Since then, all of Iraq's Sunni neighbors have struggled to curtail Shia power in Iraq, and its growing influence throughout the region. Consequently, some Sunni regimes which have been occasionally cooperative with us in the Middle East now see us as unwitting friends of their theological enemies. No longer can we trust these Sunni regimes to work in concert with our efforts in the region.

This is one reason why countries such as Saudi Arabia, Syria and others have permitted many of their citizen-jihadists to fight "the good war" against American troops in Iraq: They do not want us to succeed. They cannot digest the image that the former seat of the Sunni Abassid Caliphate and capital of oil-rich Iraq would be ruled by the Shia, as would be the case if we succeeded in establishing a peaceful, united, democratic Iraq. The Shia, who form a large majority of Iraq's population, would best any coalition of Sunni political factions. Moreover, if the U.S. and its allies succeed in Iraq, Muslims throughout the region would be tempted to see a Shia-controlled Iraq and Shia Iran as the models to emulate instead if the Sunni model.
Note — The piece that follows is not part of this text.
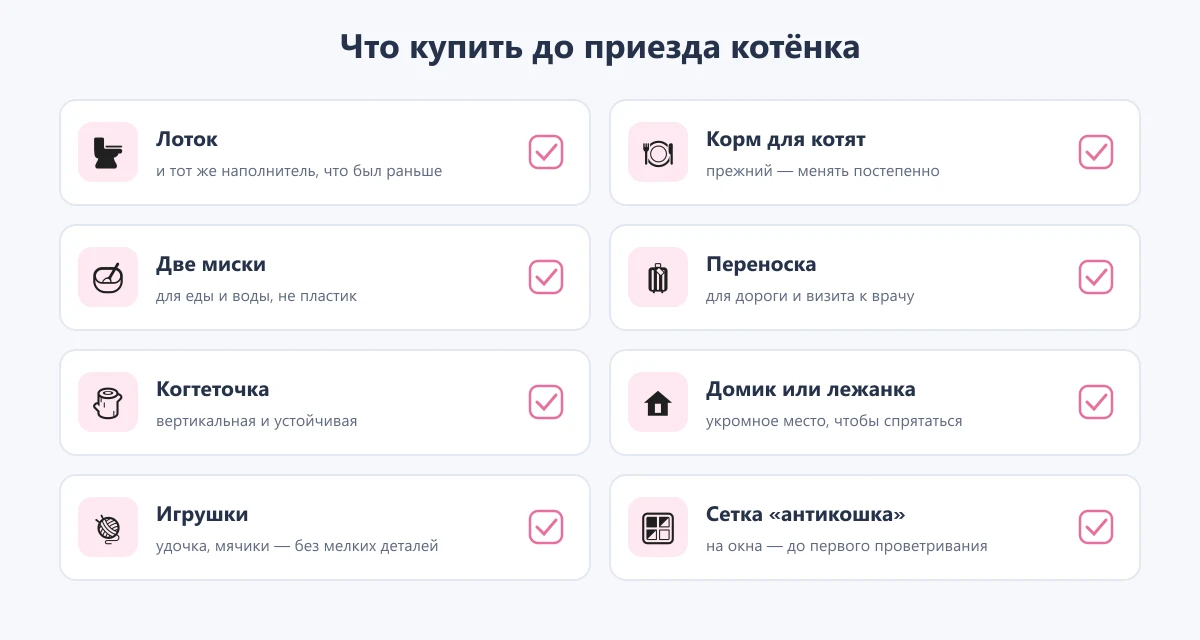 чек-лист: что купить до приезда котёнка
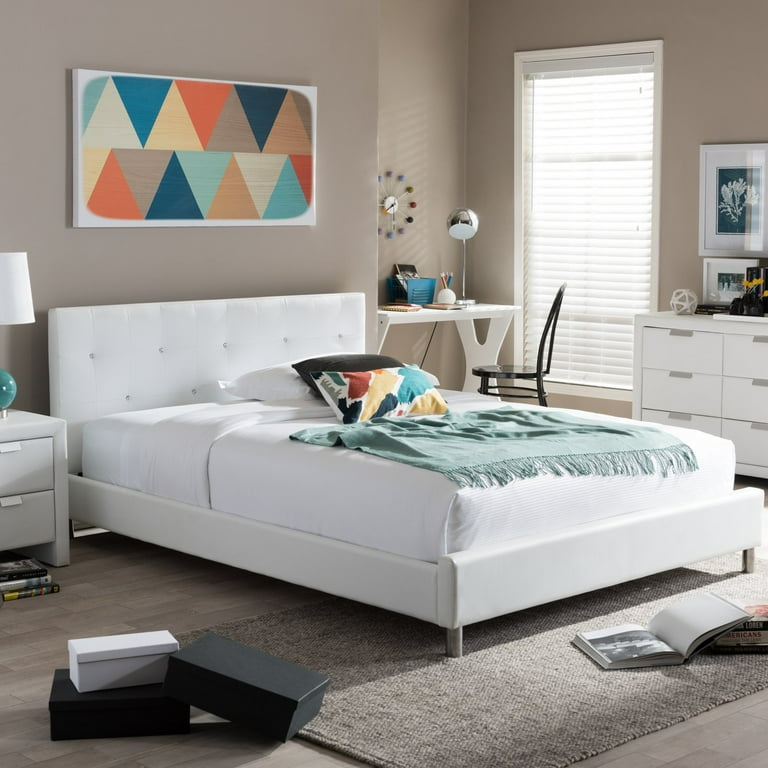Baxton Studio Barbara White Modern Bed with Crystal Button Tufting (Queen Size) Baxton Studio Barbara White Modern Bed with Crystal Button Tufting (Queen Size)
These Sunni states also fear instability among the Shia populations inside their borders. For instance, the al-Saud family in Arabia will worry about the majority Shia population at the center of its oil empire in the Eastern Province of al-Hasa. The minority Sunni al-Khalifa family in Shia Bahrain will be thrust into a state of anxiety, and there is the high likelihood of unrest among Kuwait's 30% Shia Muslim population.

A meeting a few years ago with an old comrade in the Jordanian military intelligence, was not a pleasant one. My Jordanian friend had just returned from duty in Iraq with Jordan's Special Forces. After the obligatory warm greeting, he launched into an invective-filled denunciation of U.S. policy: "How could your bosses have been so shortsighted?…Saddam was a monster, but he was mortal. He was secular, but he still was sane enough to know his limitations. Now you have opened the door wide to Iran. Now the Shia think the future belongs to them: your stupid actions threaten us all."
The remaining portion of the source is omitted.